Smart-phone apps are revolutionising consumer behaviour. Their potential for reducing crime and the fear of crime is considerable, though so far not sufficiently recognised. This report looks at how they can play a big part in making it easier for people to report crimes and in enabling the police and courts to provide a better experience for victims and witnesses. By giving people a degree of control over their involvement and ownership over their evidence, apps can influence attitudes across the Criminal Justice System and help it develop as a Service that is for, and is supported as such by, the public.
This report looks at the early experiences of victims and witnesses who have used the Self Evident app to report crime to the police and engage with the criminal justice process and makes recommendations on how Government and police should approach such initiatives.
Where forces have set up arrangements to handle app crime reports, as most now have, two thirds of users were satisfied with the police response.
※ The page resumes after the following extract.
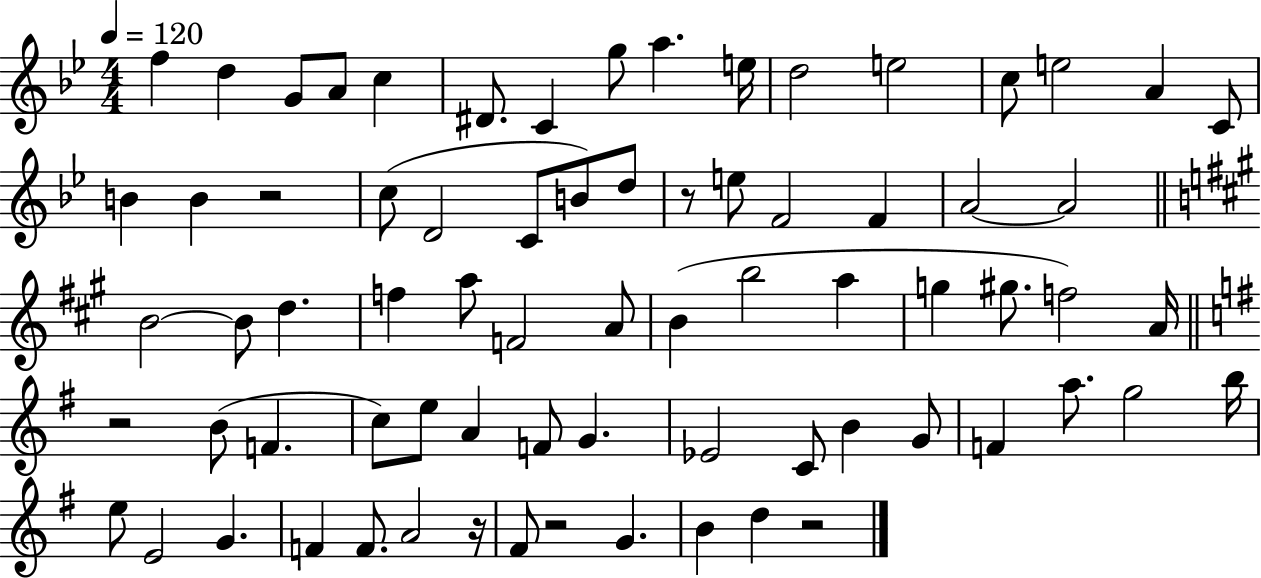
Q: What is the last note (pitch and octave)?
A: D5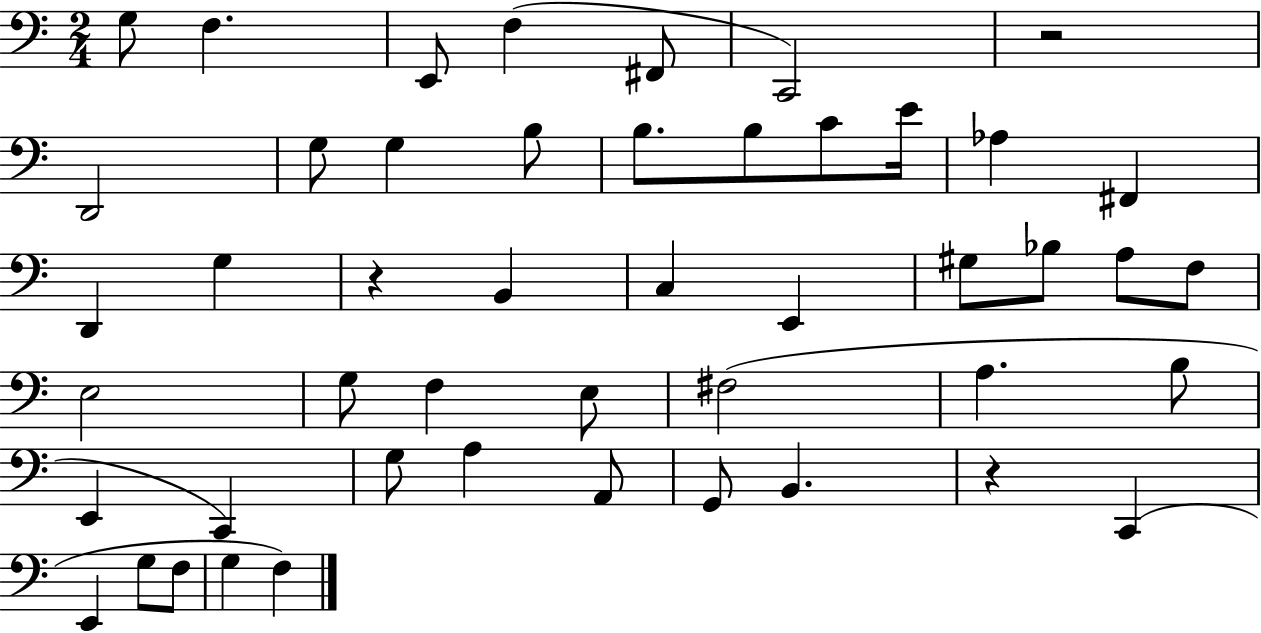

Though the survey was of early experiences with the Self Evident app and so the sample small, this finding is promising because the police are having to adapt very quickly to this new technology.
Witness Confident, the charity behind the Self Evident app, believes such initiatives will determine the success of moves to recast the Criminal Justice System as a Service, which is seen and supported as such by the public. “Victims and witnesses have a choice whether to report crime. Respecting them and respecting this should be at the heart of any reforms”, says the charity.
Apart from the convenience crime reporting apps offer, they also enable people to record an early account of what happened, to attach photos and video, and to keep a copy of their report and evidence. “By giving victims and witnesses a sense of ownership and control over their involvement, apps can give people the confidence to come forward”, says the charity.
Witness Confident wants Government to encourage more social enterprises and community initiatives in this area and to ensure that the arrangements it oversees do not stifle innovation or distort competition. The charity is calling on ministers to make clear whether they expect victims and witnesses to pay for these services or whether the costs will come from public funds.
As 97% of users want the police to encourage people to report crime by smart-phone, the charity is recommending that police chiefs and Police & Crime Commissioners provide information about such apps on their websites.
The app works automatically in England and Wales.
It puts power in the public's hands and lets people
- secure legally sound evidence of the crime,
- record a reliable statement,
- validate the evidence for an insurance or compensation claim, and
- file a crime report with the police from their smartphone.